Concurrent kernel/optix launch

So this might be a generic CUDA question, but my understanding is that a necessary condition for concurrent kernel execution is that there must be sufficient resources for different kernels. Does that mean the most aggressive code generation for each kernel might not be optimal in that each kernel would be consuming a lot of resources (e.g., registers) that prevents concurrent kernel execution?

I am asking this because I have two back to back optixLaunch in two streams that I was expecting to be executed concurrently. From NSight, I can see that the first launch has a grid size of [90, 1, 1] and block size of [64, 1, 1] and the second launch has a grid size of [85, 1, 1] and a block size of [64, 1, 1]. So by all accounts they seem to be small kernels. But both kernels do consume 106 register/thread as reported in Nsight, which I suspect is what’s preventing the two kernels to be executed concurrently.

Is this a correct understanding?

For concurrent kernel execution in OptiX, you must have separate pipelines for each kernel, otherwise if there is only one pipeline, the kernels will execute serially.

The registers per thread isn’t very likely to affect your ability to have concurrent kernel launches. The number of registers affects your occupancy on the CUDA cores, but doesn’t affect what happens when there are free CUDA cores waiting for work.

That said, CUDA scheduling doesn’t guarantee that concurrently launched kernels will actually execute in parallel. It’s common for the first kernel to occupy all of the cores (if you launched more threads than cores) until it’s near completion, before starting to execute work in a queued up kernel.
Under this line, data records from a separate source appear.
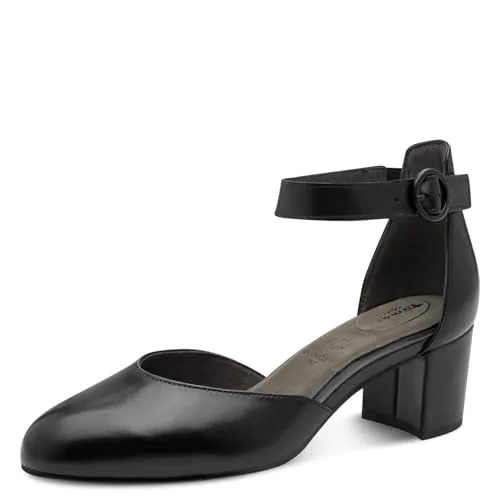 Tamaris Comfort Damen Pumps mit Riemen aus Leder in schwarz von Tamaris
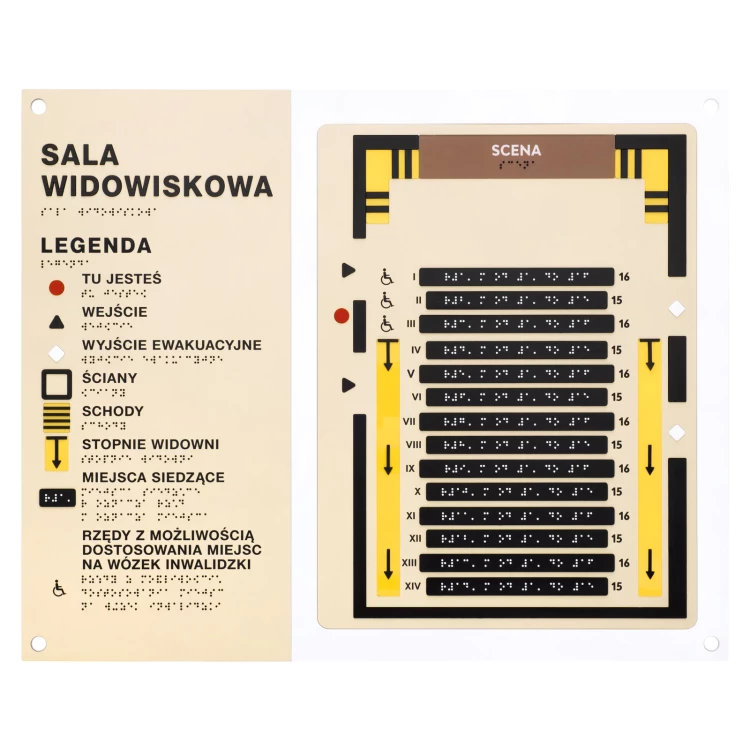 Fliesenplan mit Blindenschrift - ADA Kunststoff, Laminat und Acryl - Abmessung 550x445mm - TAB585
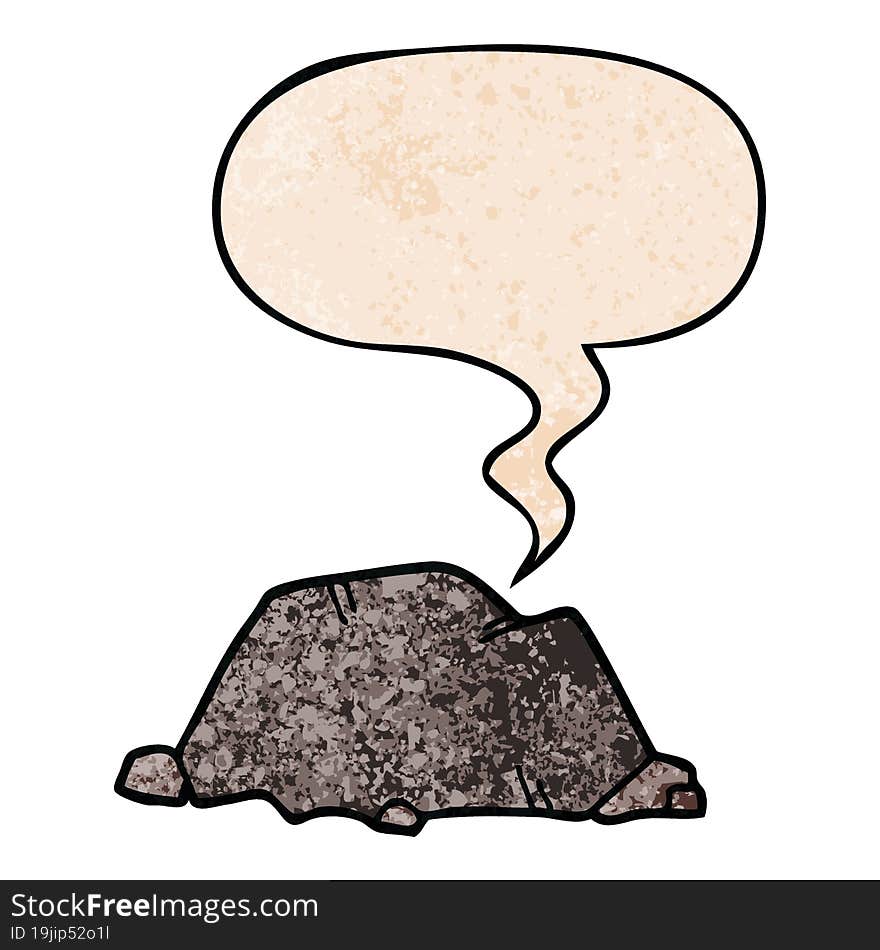 cartoon rock and speech bubble in retro texture style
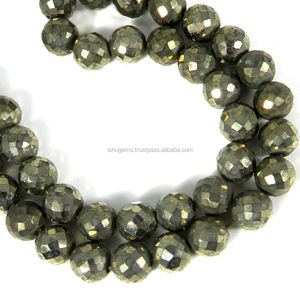 Perles de pyrite rondes à facettes de haute qualité de 7mm couleur dorée 10 pouces de longueur 142.00 Cts Ishu Gems IG12051 - Product Image 1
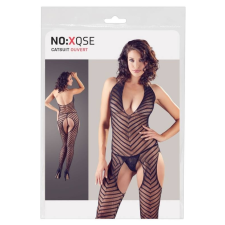 NO:XQSE NO:XQSE - nyakpántos, csíkos, nyitott overall tangával (fekete) fantázia ruha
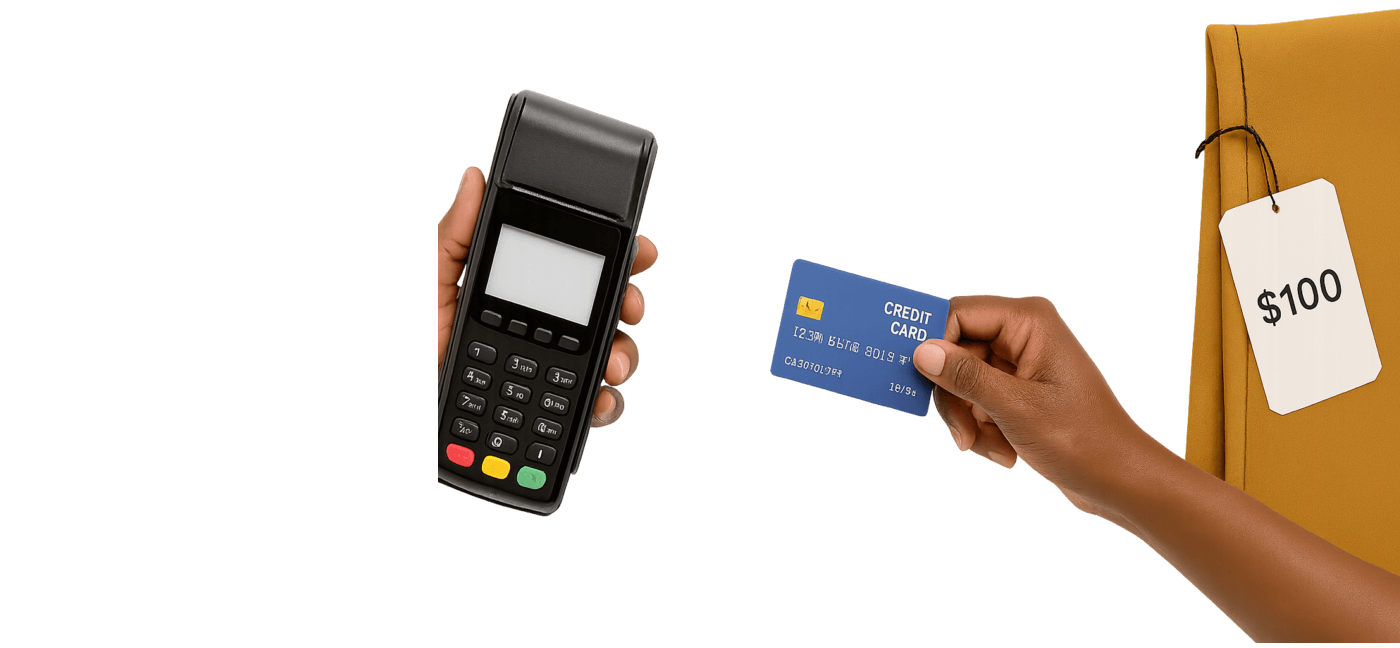 A high-resolution image showing a folded receipt, a mobile money device, and tailoring materials on a table—representing secure and transparent tailoring payments.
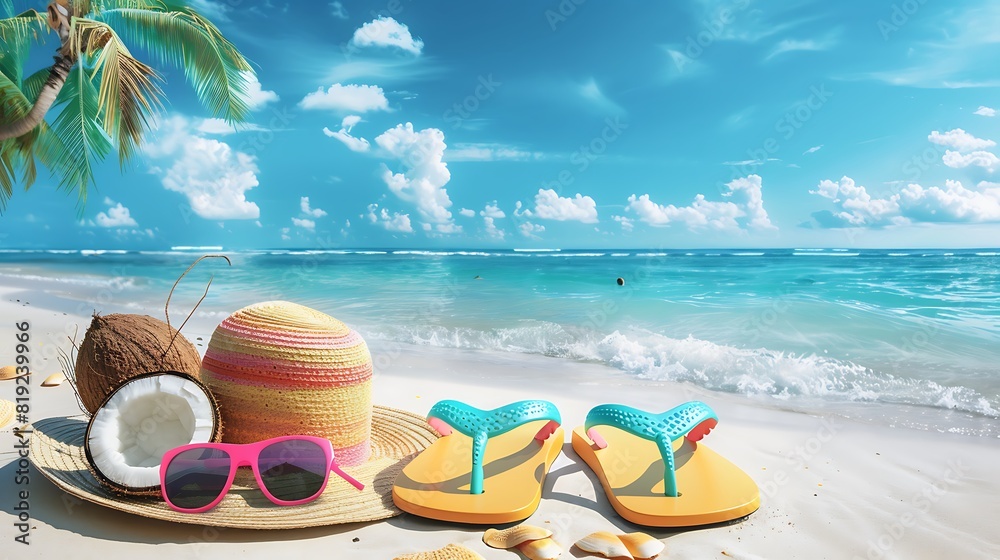 Colorful flipflopssunglasses and hat with coconuts on the beach by the sea in summer
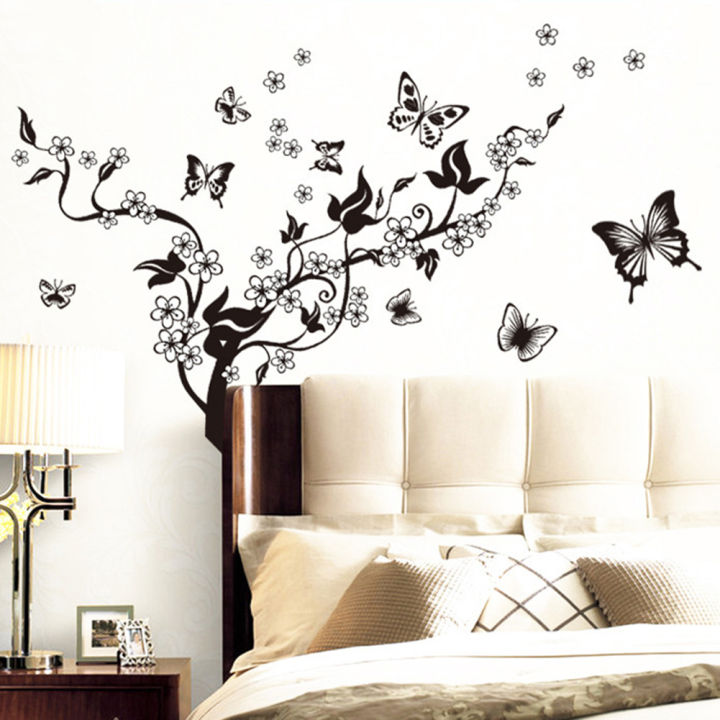 Black Floral Butterfly Flower DIY Vine Wall Sticker Art Decor Mural Room Decal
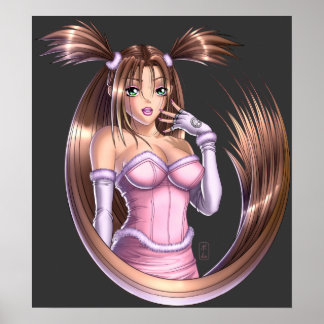 Pôster Anime Girl - Rosa
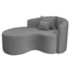 Kit Recamier Curvo Sala de Estar Inglaterra 150cm Lado Esquerdo e 2 Poltronas Orgânica Luxo Luiza Max Bouclé Cinza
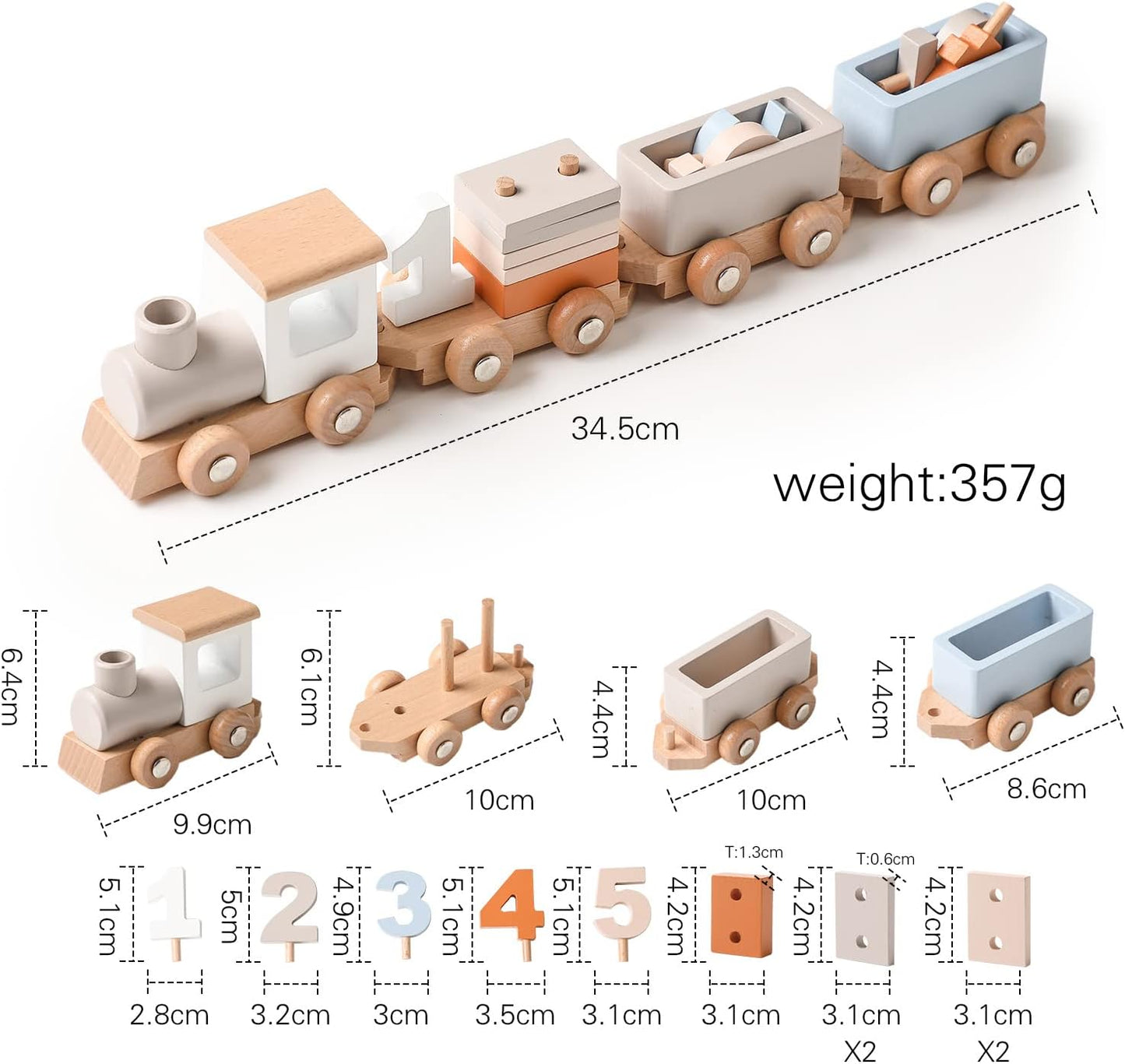 Wooden Train Set with Numbers & Blocks – 12 PCS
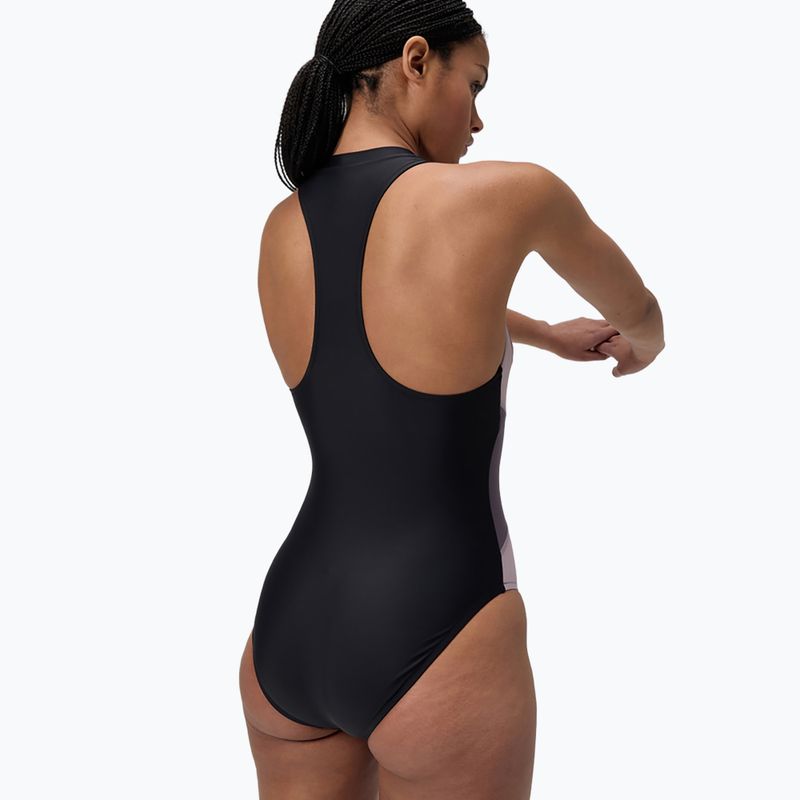 Strój pływacki jednoczęściowy damski Speedo Zip Colorblock anthracite 3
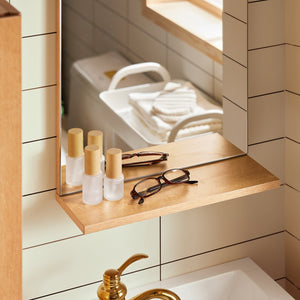 Set arredo da bagno Specchio a parete+ Mobile lavabo Naturale BZR169-SET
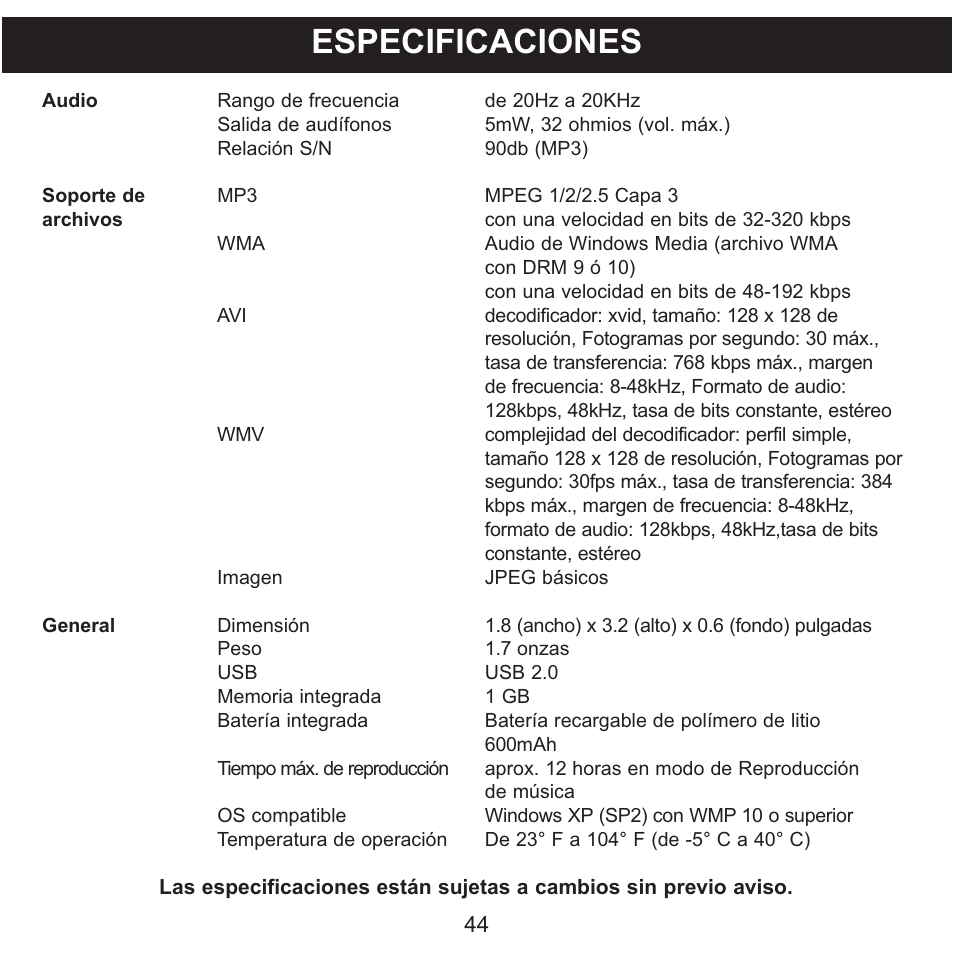 Especificaciones | Memorex MMP8568-SPT User Manual | Page 90 / 92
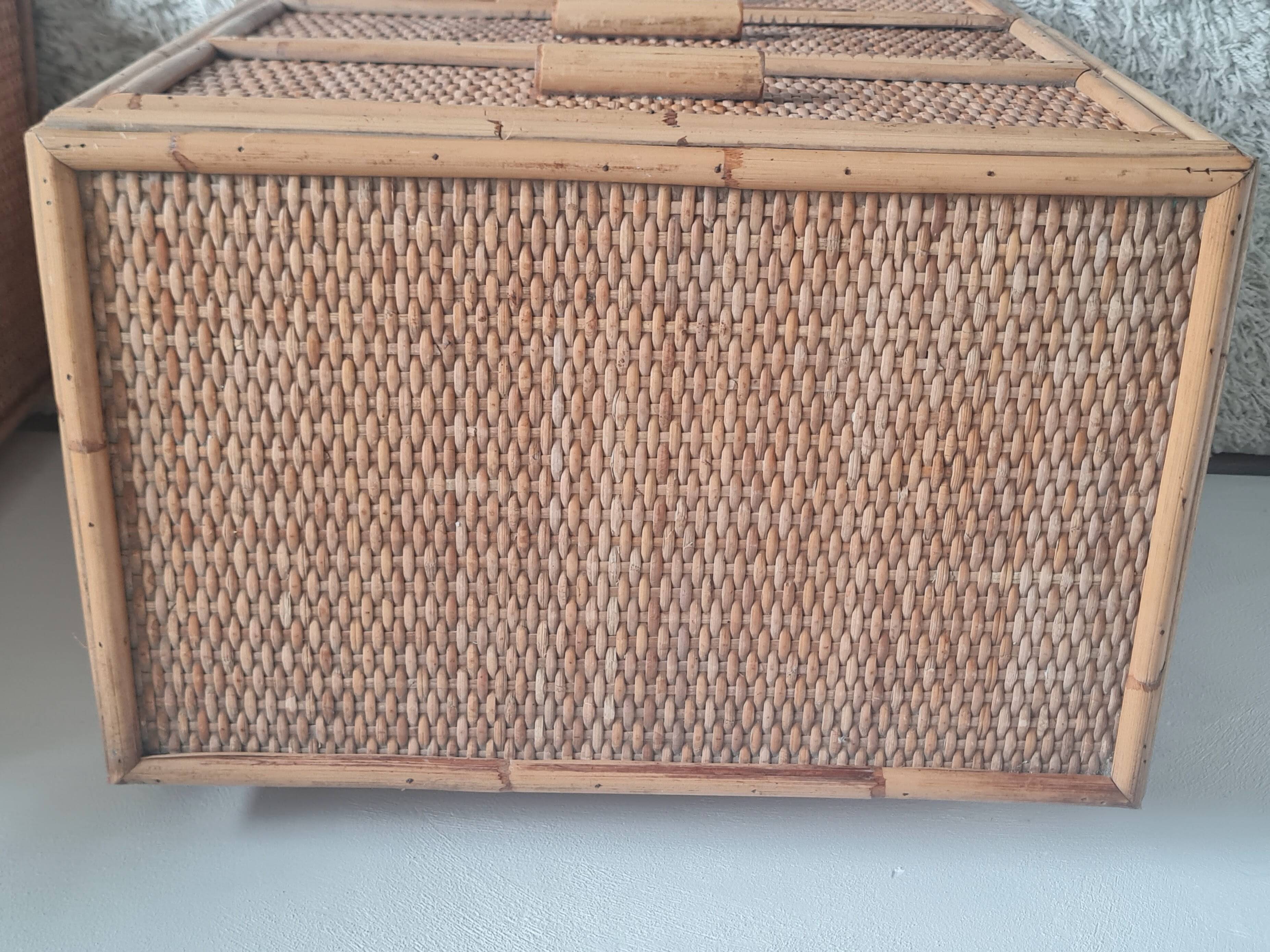 Pair of rattan bedside tables circa the 1970s.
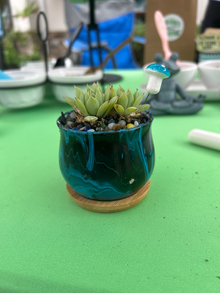 Dark Teal Paint Poured Pot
Are your small kernels expected to execute for long enough that you would be able to see concurrent execution? With kernels that small, if the workload is light, the first kernel launched may easily finish before the second kernel is even scheduled. The launch time overhead depends on CPU, PCI version, GPU model, etc, but is normally in the tens of microseconds range.


Oh that’s great to know. Thank you. I assume the kernels still have to put in different streams, in addition to being in different pipelines? Also do the different pipelines have to be in different contexts?

Yeah, correct, you’ll need separate streams as well. Kernels (and CUDA API calls) issued on a single stream will automatically serialize. You do not need separate contexts.


Explained here as well:

Thanks. Yeah I was able to put different kernels into different pipelines and they can be overlapped. One question, is creating and managing optix pipelines of high overhead? One strategy is conventional CUDA programming seems to be overscribing streams to give kernels a chance to overlap and let the run-time system do the scheduling. Does that apply to optix pipelines?

Generally speaking, yes, the OptiX strategies are similar to CUDA strategies, and you can gain some performance by queueing up extra work in advance. This is especially true if you have gaps in between serial kernel launches, dependencies on CPU-GPU I/O, or if you have kernels with long-tail behavior where some threads can last much longer than others. If unsure, you can identify whether you have GPU idle time such as gaps between kernels using Nsight Systems. In typical scenarios, 2-4 concurrent kernels launches is enough to fully saturate the GPU and any more than that is not likely to help.